Missing Label formatter control of the single variables format
See original GitHub issueWhat problem does this feature solve?
The current interface to control labels within the charts is giving the user the possibility to define what content to display and in which order to print, however it is missing the possibility (or it’s not that clear) to set a specific format for the variables.
So imagine the chart displays a series of labels (e.g. AVG, MIN, MAX) see the screenshot:
the markPoint set up has a custom formatter which is:
markPoint: {
label: {
formatter: '{b}\n{c}',
}
However I would like to be able to control the value {c}
in order to display consistent decimal places (e.g. 0.00)
Ref. from documentation.
String template
Model variation includes:
{a}: series name.
{b}: the name of a data item.
{c}: the value of a data item.
{@xxx}: the value of a dimension named'xxx', for example,{@product}refers the value of'product'` dimension.

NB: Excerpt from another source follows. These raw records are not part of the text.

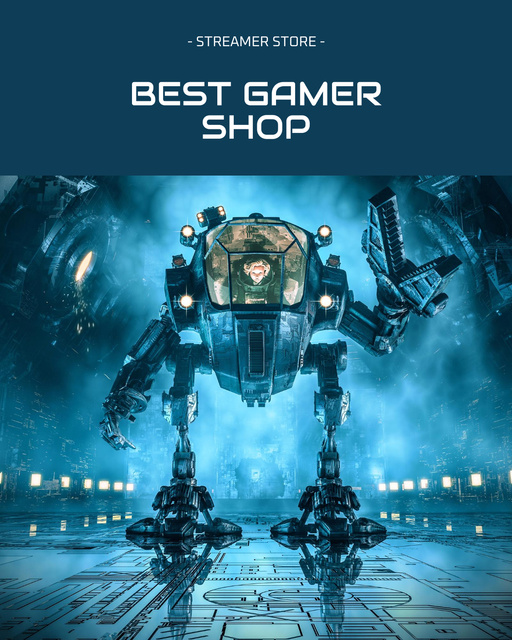 Template di design Gaming Shop Ad on Blue Poster 16x20in
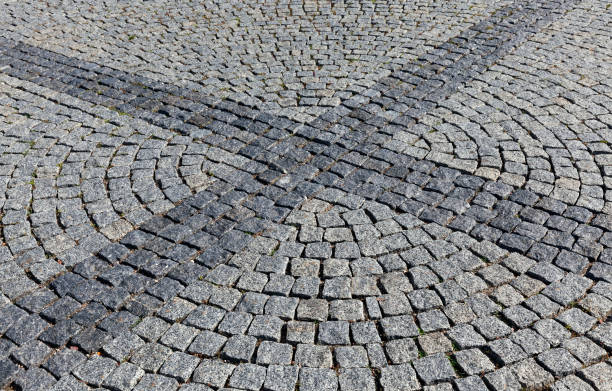 istock a modern road made of cobblestones and stones 1331784163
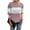 Pink, variant on Lilgiuy Women's Long Sleeves Round Neck Color Matching Loose Tops Blouse Knitted Sweater,Khaki,8 2022 Fall Winter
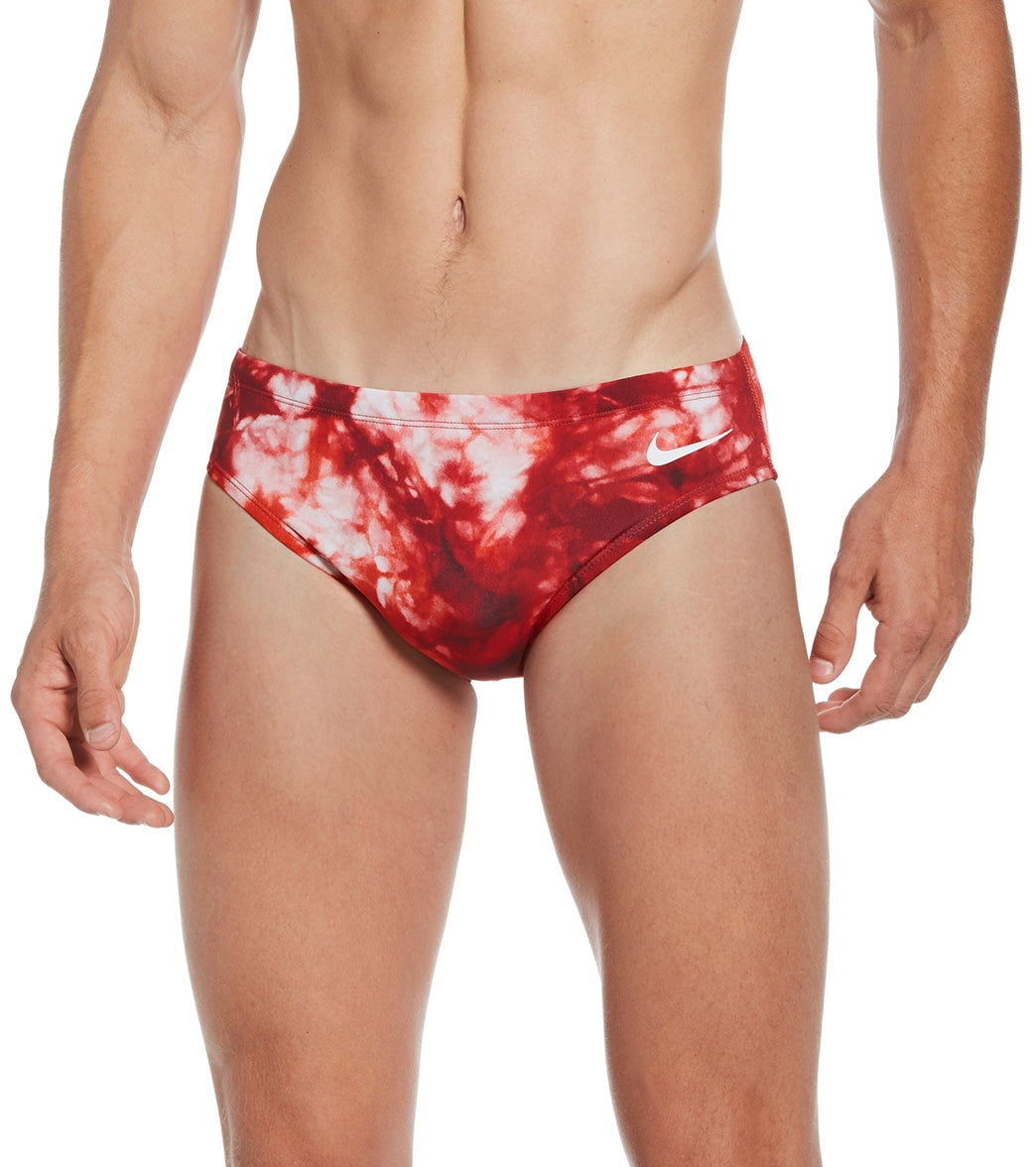 나이키 Nike Mens Hydrastrong Tie Dye Brief Swimsuit,University Red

{@[n]}: the value of a dimension at the index ofn, for example,{@[3]}` refers the value at dimensions[3].
What does the proposed API look like?
I would imagine something within the brackets to control the single value. e.g. {c:0.0}
where 0.0 could be a series of supported format code, perhaps using the Excel format code convention (https://support.microsoft.com/en-gb/office/number-format-codes-5026bbd6-04bc-48cd-bf33-80f18b4eae68?ui=en-us&rs=en-gb&ad=gb) so the developer is able to control numbers and dates
e.g. {c:0.00}
where 0.00 is the number format (a number with 2 decimal places).
Issue Analytics
- State:
- Created 3 years ago
- Comments:10 (5 by maintainers)
Top GitHub Comments
@Ovilia I found a third different the argument type in the main tooltip attribute, just to let you know (https://echarts.apache.org/en/option.html#series-line.tooltip)
In this case the formatter comes out as an array with an object and you cant use
\n
but you can plug html tags in it.We are considering providing pipes like
formatter: "{b}\n{c | fixed(2)}"
and provide some utility functions. But we haven’t reached solid conclusions.